I wanted to convince myself at all costs that it was better to be the way I was, that I behaved like a decent girl. But I couldn’t help asking myself:

“but what’s so bad about how these girls behave?” They talk, they have fun, they go out together, they’re nice. It didn’t seem to me that they committed any misdeeds.

But as soon as these thoughts would enter my mind, I would expel them with such fury, out of fear of succumbing to the glamour of such a degree of personal liberty. The more I tried to expel them, the more they would return to torment me. I would have loved to cross the cultural abyss that separated us to find myself on the side of the American girls without feeling guilty, without offending anyone and with the approval of my parents. This thought seemed so wonderful to me, so believable that my face lit up and a feeble smile spread across my lips.

One of the boys, a cute young man who was tall and thin, with blue eyes, noticed and replied with a big bright smile. But he was elbowed by the girl that was with him. I wasn’t upset that I had been noticed. In the meantime, I prepared the coffee. I set the table…I offered coffee to anyone who wanted some. The boy with the blue eyes also took some.

After he finished, he smiled at me and said: “grassi” I understood that he meant to say “grazie”, or “thank you” because I had already heard the word used. It was very difficult for Americans to pronounce the word “grazie.” The letter “z” was often pronounced like a double “s”. Then they eliminate the “e” that, according to them is silent” and out comes “grassi”. I replied with “iu volcam”; this is how I knew how to say “you’re welcome”. They began to laugh and they said “bravo”. Very good!

They began to get up and prepared to leave.
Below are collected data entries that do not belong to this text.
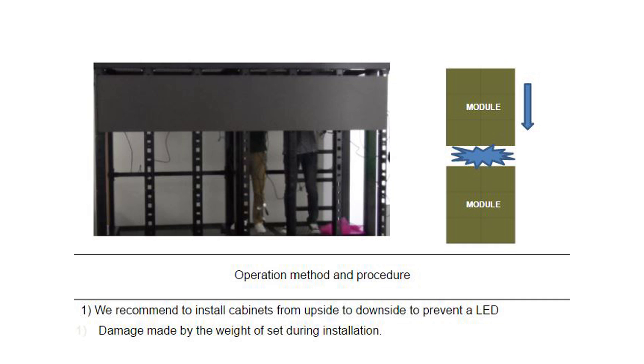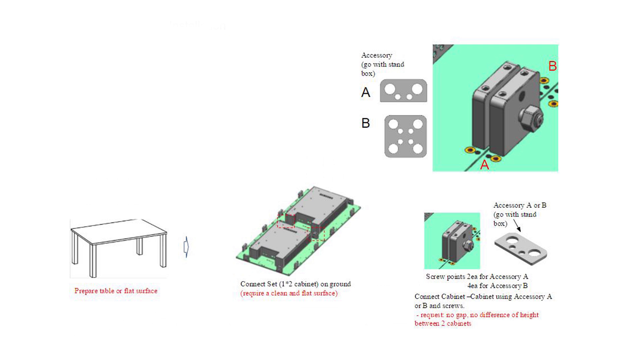We recommend installing LED cabinets starting across the top and working downward row by row. Installing LED cabinets in this order prevents cabinets on the lower rows from being damaged by the weight of the LED cabinets being set on top of them. Please note that the order of operations may differ slightly depending on your situation. This video shows you how to install the LED cabinets to the cabinet frame and stand.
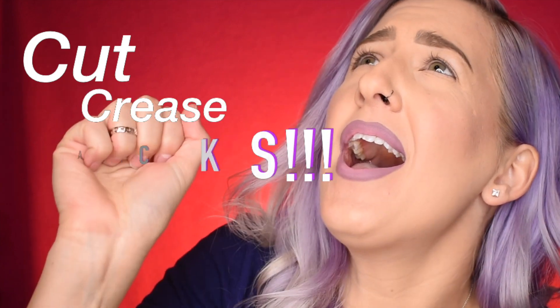What up guys, Ashley Elizabeth here with AHM Artistry, and today we are testing out some cut crease hacks! I've got four different ones to try out today.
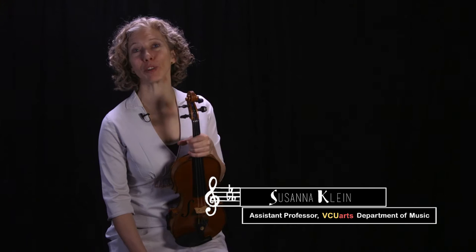Hi everyone. In this practice blitz we're going to be working on vibrato. Vibrato is a key ingredient in string playing — it's important for projection, in other words the sheer volume of your sound, for color, and of course the warmth of the sound as well.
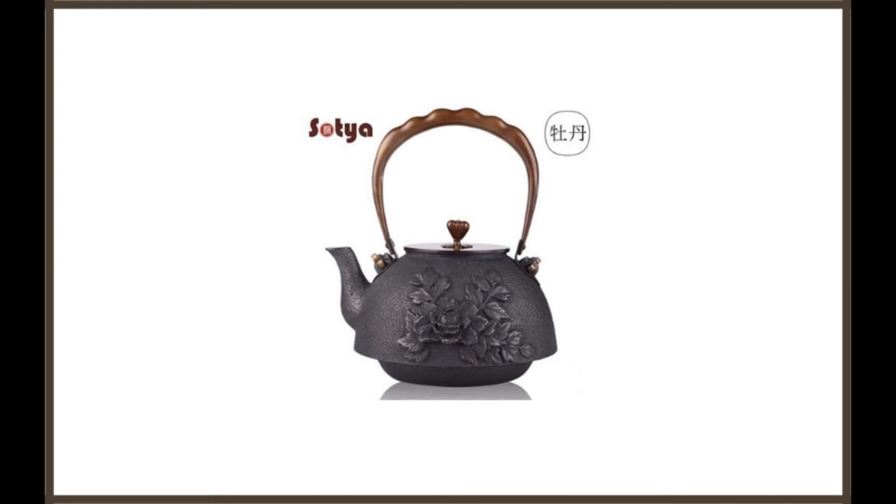While the pot is a little on the pricier side, concerning the cost of some of the other teapots that we will take a look at in this review post, its quality is superior and its design is truly authentic, providing the perfect option for many people who want to buy a cast iron teapot for more than just brewing a few cups of tea.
They were talking about going to the movies, then going to get a pizza and then for a drive in the car. I calculated that they wouldn’t have been able to return home before midnight. I didn’t stop to think much, it was inconceivable to me that a girl would stay out that late.

After they left and after we cleared the table, just my aunt and I were left in the kitchen.

Everything was quiet, we were alone. My father and my uncle had gone to the club for the usual Saturday night get together. We sat down at the table. My aunt asked for another coffe. I was mulling over the events of the day: the visit to the town, the giving in to the low and comfortable shoes. I was amazed by the girls that walked around with rollers in their hair. Then I had seen them again at night, with their boyfriends and they were beautiful, well dressed and elegant.

Who knew if perhaps one day I would also go around at night with a boy. I took a deep breath and held it. I sighed angrily and said: “Auntie, do you think that I might be able to go out with a boy too, like they do here?” Sipping her coffee, she answered:

“of course, behave and then we’ll see.” I was speechless, with my mouth hanging open. I hadn’t expected an affirmative response. I limited myself to saying “oh!” Full of hope and dreaming of the day in which this promise would be fulfilled, I went into the living room to watch the Saturday night Variety Show on TV.